I raised the issue in my first post quoting Justice William O. Douglas on religious freedom regarding the questionable actions of states which pay Seventh Day Adventists unemployment for refusing to work on Saturday, but do not offer the same opportunities to those who hold Sunday as their sabbath.
Until I had to deal with North Dakota’s Job Service, and their zeal to pay Seventh Day Adventists for refusing to work on Saturdays, I was totally unaware of this practice. No one I have talked to in North Dakota was aware that the state of North Dakota was singling out Seventh Day Adventists for special treatment.
As I researched the topic, I discovered several other states which do the same. The issue at hand is whether most individuals are even aware that this practice on the part of state unemployment offices.
There was no case law on this issue in North Dakota, but there is now.
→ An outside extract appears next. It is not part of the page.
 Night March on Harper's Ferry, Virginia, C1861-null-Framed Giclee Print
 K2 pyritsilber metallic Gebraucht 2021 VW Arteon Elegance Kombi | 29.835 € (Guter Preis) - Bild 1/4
I posted the North Dakota Southeast Judicial District court decision on Scribd. For more information about this decision, please see the Petitioner’s brief and the Defendent’s brief.
The referee for the appeal put great emphasis on the genuineness of the employee’s belief. No one questions the genuineness of the employee’s religious belief. But the genuineness of the belief is irrelevant.
No employer should be held responsible for the religious beliefs of some of their employees, but not all of them, genuine or otherwise.
Employees who have strong reservations against working on their sabbath, whether it’s Saturday or Sunday, have a right to resign. But the state has no business holding an employee responsible for the genuineness of their religious feelings when they resign, and then award the resigning employee unemployment benefits for their beliefs.
In this case, this employee resigned and went to work elsewhere the following week, but was still allowed to receive unemployment benefits.
What’s wrong with this picture?
Justice Douglas clearly cut to the seminal issue in these state decisions to award unemployment to Seventh Day Adventists. At the risk of boring readers with repetition, let me post his perspective again:
This case is resolvable not in terms of what an individual can demand of government, but solely in terms of what government may not do to an individual in violation of his religious scruples. The fact that government cannot exact from me a surrender of one iota of my religious scruples does not, of course, mean that I can demand of government a sum of money, the better to exercise them. For the Free Exercise Clause is written in terms of what the government cannot do to the individual, not in terms of what the individual can exact from the government.
It would be most helpful if state legislators in North Dakota and those states practicing this kind of discrimination reviewed their current Job Service practices, perhaps even considering the perspective of Justice William O. Douglas.